Overview
Features a 16-page photo insert.
Here is Peter Jackson, a free-born Black tradesman and boxer from the island of St. Croix who KO’d the white boxer Tom Leeds in the thirtieth round to win the Australian Heavyweight championship in 1886. Most white fighters refused to get into the ring with Jackson. “Gentleman” Jim Corbett was one of the few who not only fought him, but said of him afterwards that Jackson was the most intelligent fighter he ever faced and could beat any heavyweight that Corbett ever fought or ever saw.
Here too of course are boxing legends Jack Johnson and Joe Louis, but also the dozens of outstanding Black boxers who fought from the late 1800s to the end of the 20th century, overcoming their opponents and facing discrimination in an array of forms, from being disqualified unfairly after winning fights to being mobbed and injured in the ring by white assailants while referees and judges looked on impassively, to having mobster managers who gave them only a minute portion of their winnings.
Here is Joe Gans, the first American-born Black boxer to win a world championship, in 1902, and who dominated the sport throughout the first decade of the 20th century.

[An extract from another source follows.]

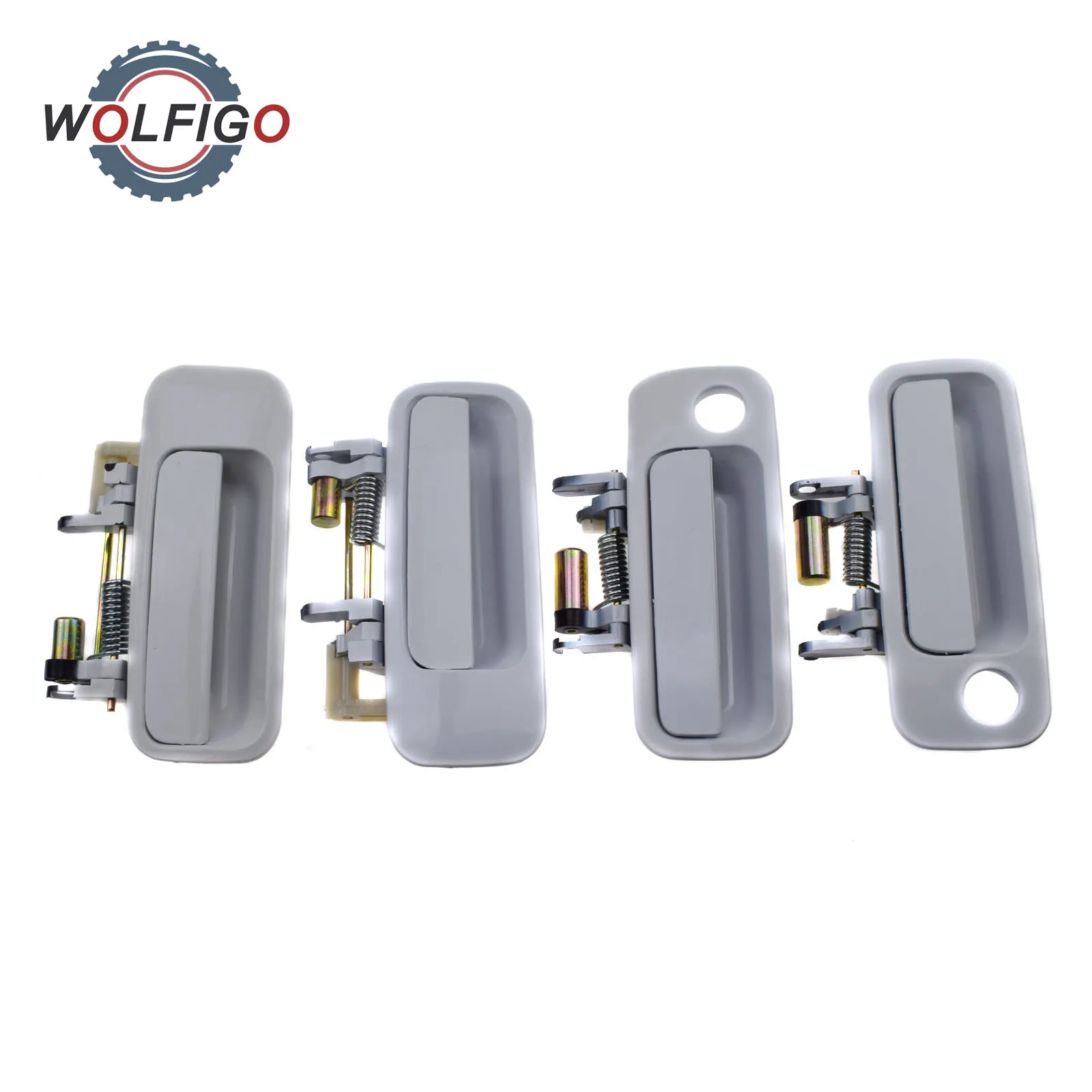 WOLFIGO белая передняя задняя левая правая наружная дверная ручка 69210 AA010 69220AA010 69240YC030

Here too is Sam Langford, who became heavyweight champ in 1923. But through most of the first half of the twentieth century Black boxers were separated into Black leagues and there were Black champions rather than world champions who were Black. That all began to change in the 1930s with Joe Louis. A new generation of Black boxers would come up after him, standing on Joe Louis’s shoulders, Floyd Patterson, George Foreman, Sonny Liston, Archie Moore, Larry Holmes, Ken Norton, Joe Frazier, and finally the young Cassius Clay, who would rename himself Muhammad Ali and come to dominate the sport for decades, and after him, though not a heavyweight, the great Sugar Ray Leonard.
Scott’s unique perspective brings fresh insight and passion even to well-known stories about the fight game, and every time he adds something new.